__WHAT THE TASK ASKS__
Only one stretch of the records below is wanted: the lines from the one holding "Disney / Disney fashion" through the one holding "Escort latina delgada en Mérida". Return it exactly, both ends included.

(Records from a dataset)
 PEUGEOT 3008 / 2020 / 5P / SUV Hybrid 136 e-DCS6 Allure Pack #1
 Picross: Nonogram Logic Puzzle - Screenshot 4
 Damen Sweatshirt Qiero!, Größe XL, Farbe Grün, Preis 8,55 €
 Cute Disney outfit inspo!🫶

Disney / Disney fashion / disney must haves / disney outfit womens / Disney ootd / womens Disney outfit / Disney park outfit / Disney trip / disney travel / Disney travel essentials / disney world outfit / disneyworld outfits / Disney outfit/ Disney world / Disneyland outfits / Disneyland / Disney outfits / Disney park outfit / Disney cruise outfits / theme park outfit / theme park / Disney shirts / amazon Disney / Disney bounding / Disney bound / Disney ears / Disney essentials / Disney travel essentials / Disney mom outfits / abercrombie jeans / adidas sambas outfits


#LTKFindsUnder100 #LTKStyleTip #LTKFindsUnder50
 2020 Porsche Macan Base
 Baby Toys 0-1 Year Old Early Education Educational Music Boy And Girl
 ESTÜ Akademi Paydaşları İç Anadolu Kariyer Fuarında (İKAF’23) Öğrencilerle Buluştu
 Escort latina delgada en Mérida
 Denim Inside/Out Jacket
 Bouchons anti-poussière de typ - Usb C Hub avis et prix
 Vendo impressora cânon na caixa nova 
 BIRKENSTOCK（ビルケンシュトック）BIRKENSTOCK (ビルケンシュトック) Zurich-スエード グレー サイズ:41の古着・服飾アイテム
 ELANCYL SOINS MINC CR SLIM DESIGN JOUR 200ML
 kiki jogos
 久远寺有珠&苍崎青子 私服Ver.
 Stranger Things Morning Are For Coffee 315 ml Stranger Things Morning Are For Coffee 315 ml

__EXERCISE OUTPUT__
Disney / Disney fashion / disney must haves / disney outfit womens / Disney ootd / womens Disney outfit / Disney park outfit / Disney trip / disney travel / Disney travel essentials / disney world outfit / disneyworld outfits / Disney outfit/ Disney world / Disneyland outfits / Disneyland / Disney outfits / Disney park outfit / Disney cruise outfits / theme park outfit / theme park / Disney shirts / amazon Disney / Disney bounding / Disney bound / Disney ears / Disney essentials / Disney travel essentials / Disney mom outfits / abercrombie jeans / adidas sambas outfits


#LTKFindsUnder100 #LTKStyleTip #LTKFindsUnder50
 2020 Porsche Macan Base
 Baby Toys 0-1 Year Old Early Education Educational Music Boy And Girl
 ESTÜ Akademi Paydaşları İç Anadolu Kariyer Fuarında (İKAF’23) Öğrencilerle Buluştu
 Escort latina delgada en Mérida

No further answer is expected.